La memoria del aire
Conmovedora versión de John Eliot Gardiner de 'Israel en Egipto', de Haendel
La apoteósica reacción del público después de escuchar anteayer en San Sebastian el oratorio Israel en Egipto, de Haendel, con John Eliot Gardiner, la orquesta English Baroque Soloists y el Coro Monteverdi, invita a pensar que los tiempos están cambiando y que los gustos musicales se están desplazando. De los cinco compositores mimados en 2009 porque han nacido o fallecido en años terminados en 09 o 59 -Purcell, Haydn, Haendel, Mendelssohn, Albéniz- tengo la sensación que Haendel se ha llevado el gato al agua. Incluso un oratorio suyo ha inaugurado un festival tan emblemático y tan poco afín al barroco como el de Salzburgo, siendo la reacción del público más que favorable. De Haendel se han grabado en los últimos años todas las óperas y oratorios, y personas de la vida cultural no específicamente musical han roto lanzas por sus composiciones, desde Donna Leon hasta Maruja Torres, en este mismo periódico. La melodía, los coros, los acompañamientos orquestales de Haendel enamoran. Tal vez sea la belleza sensual en primer plano lo que explica esta atracción felizmente fatal. O el deseo de abandonarse a la música por sí misma, sin ningún tipo de coartadas intelectuales, con el placer de la belleza inmediata como única guía.

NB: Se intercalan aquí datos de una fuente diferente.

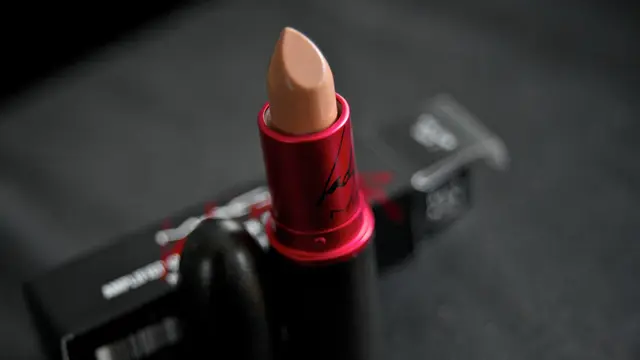 ilustrasi lipstik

Por encima de la ciencia de la dirección, estalla la emoción
Más aún. Si hiciésemos una hipotética clasificación para destacar el mejor espectáculo o concierto de los festivales veraniegos españoles en 2009 todo me hace pensar que a la final llegarían tres composiciones del siglo XVIII y, curiosamente, ninguna del XIX. Estoy pensando en Idomeneo, de Mozart, con Minkowski y el grupo francés Les Musiciens du Louvre en el Festival Via Stellae de Santiago de Compostela; en Partenope, de Vinci, con Antonio Florio y la napolitana Cappella della Pietà de Turchini en Santander y, por supuesto, en la apuesta inglesa de Gardiner y sus grupos instrumental y vocal en la Quincena Donostiarra, con un oratorio de extraña fuerza interior que se pone al servicio de conocidos pasajes, cada vez más olvidados, del Antiguo Testamento. Gardiner supone el triunfo de la naturalidad, de la intensidad, del rigor, de la sobriedad, de la minuciosidad. Sus grupos son excelentes. En San Sebastián, ciudad que entiende como pocas de coros, se mira al Coro Monteverdi con lupa. No hay manera de detectar un fallo. Impecable de afinación, de empaste, sus miembros se desdoblan en el canto colectivo o en sus papeles de solistas con una frescura que asombra. Gardiner acentúa suavemente, dosifica las dinámicas, controla hasta el más mínimo detalle la continuidad y la estructura. Hay una búsqueda permanente de la memoria del aire. Y por encima de la componente científica de la dirección o la realización estalla la emoción. Una emoción aparentemente sosegada, de las que llegan dentro.